The most popular post I’ve ever made is the one depicting Shakespeare’s works as a Venn Diagram (although technically that shape is an Euler Diagram). That post on Facebook has garnered over 2 million views at this point, and hundreds of comments. People have asked me if it is available as a poster (as far as I know it is not – I did not create the original image).
The problem is, I don’t like it. Most of the comments are of the form “Why do you have play X in this category but not that one?” and “You forgot to put Y in the Z category” and so on. The categories (Suicide, War, Romance, Supernatural) are, I think, too broad. Does Romeo and Juliet count as war between the two families? I would say no, but some people disagree. How about Much Ado About Nothing? It starts with the men coming home from war.
So here’s what I propose. Can we make a better one, or a set of better ones? Something that more people can agree on? If we can make something that’s generally agreeable to a large audience I’ll be happy to make it available as a poster / stickers / t-shirt / etc…
I’ve been working with Bardfilm on some new categories. The goal would be to find a set such that:
- All plays are represented by at least one category.
- Minimize the number of categories that have no entries.
- No single category has too many entries.
What categories would you like to see? “Supernatural” made our list as well. I was thinking “Insanity” might be a good one. Bardfilm proposed “Fake Deaths” and “Cross-Dressing”. If we can’t agree across all the categories we can look at doing one for Comedy, one for Tragedy, one for History, but I think those would end up looking a little sparse, and I’d feel bad about leaving out Romance.
What other ideas have you got for us? Tell us the category you think should be on our diagram, and which plays would be in it.
I wonder if “mistaken identity” or “disguise” would be broader than “cross-dressing” but would still contain it.

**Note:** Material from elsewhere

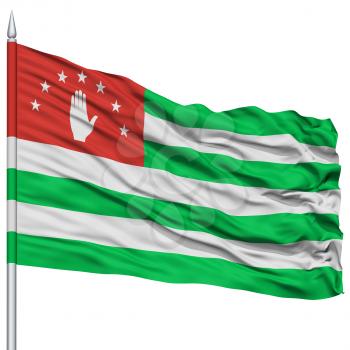 Abkhazia Flag on Flagpole, Flying in the Wind, Isolated on White Background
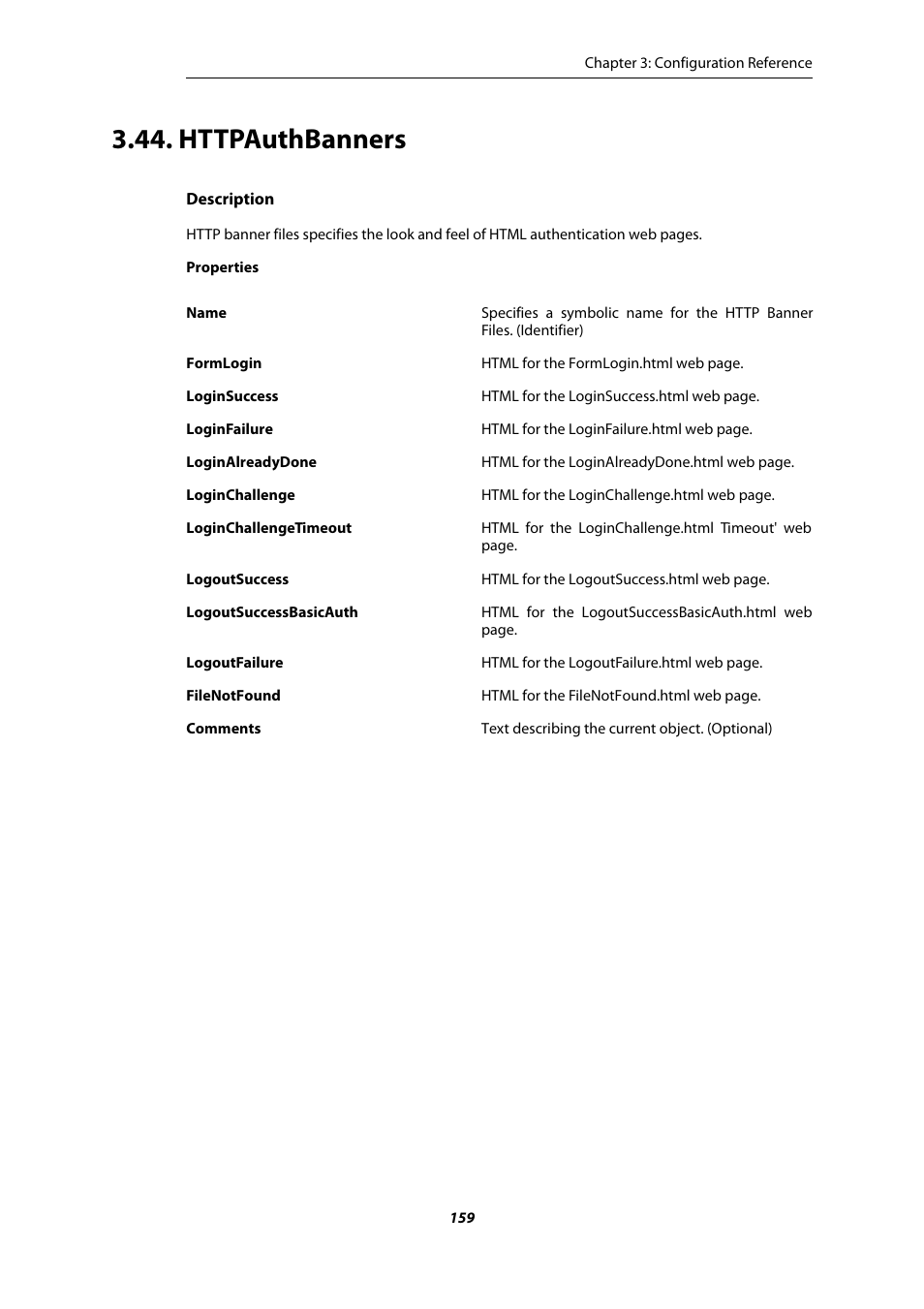Httpauthbanners | Amer Networks E5 CLI User Manual | Page 159 / 290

I do like “fake deaths”–it would cover MAAN, WT, T, RJ, 2 HIV, CE, P, C, and MM. That’s at least one in every category!
kj (Bardfilm)
I think this is a wonderful project, but you have your work cut out for you. Does Hermione count as a fake death? What would be a category with no entries? Why would it be on the diagram in the first place? I am also curious about a single category that represents all plays: They contain a dirty pun? (I still maintain that “I wooed thee with my sword” is both a boast about his cocksmanship and a play on “woody,” but no one ever backs me up on that.) Or do you mean that every play fits into at least one category? How could it not? Good luck! Do you have a timeline for this?

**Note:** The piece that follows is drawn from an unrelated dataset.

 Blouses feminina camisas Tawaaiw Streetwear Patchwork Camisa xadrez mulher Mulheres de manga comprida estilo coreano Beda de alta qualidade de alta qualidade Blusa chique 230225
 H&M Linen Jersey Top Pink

By “one play in every category” you have to consider all the overlapping categories, which in an Euler diagram means all combinations (which is how it differs from a Venn diagram, which does not). So if we had categories for War, Romance, Suicide and Poison, there would ideally be a play in the “War/Romance/Suicide” category, the “War/Poison” category, the “Romance/Suicide/Poison” category, and so on. If you look at the original diagram I linked to, see how the bottom right is empty? There’s no entry in just “Supernatural”, nor “Supernatural / Suicide” or “Supernatural/Suicide/Romance”. But there are several in “Supernatural/Suicide/War”, “Supernatural/Romance” and so on. It’s hard to keep in your head. I have software for it.

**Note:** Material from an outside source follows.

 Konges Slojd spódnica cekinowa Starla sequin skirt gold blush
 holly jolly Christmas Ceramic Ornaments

I am a copywriter so I have a severe tendency to tart things up and emphasize fun as long as it isn’t directly wrong. So I would definitely do “Cross-Dressing” and “I thought you were dead” (covers fake deaths and presumed deaths!) and “Swords!” and “Sex Puns” would make a beautiful giant circle over the entire thing. Organizing this all into a Euler diagram could get tough, though… a mind-map or something like that might also be worth considering? Also: disfigurement, poison, shipwrecks, betrayal, Weird Animals, royalty… this is a really big project but it also seems like a lot of fun! Hope it turns out that way.
Hi Erin :). I’ve actually got some software of my own invention that can track it. I make a list of the plays, a list of categories, check off which goes where (just like those tables that compare the basic/pro/premium version of software) and, in theory, I pick N columns and it generates me the appropriate diagram. So I can literally experiment with as many categories as we like to find a good balance. The trick for me at least is always feeling like I missed something. But I guess that’s part of the fun for people later.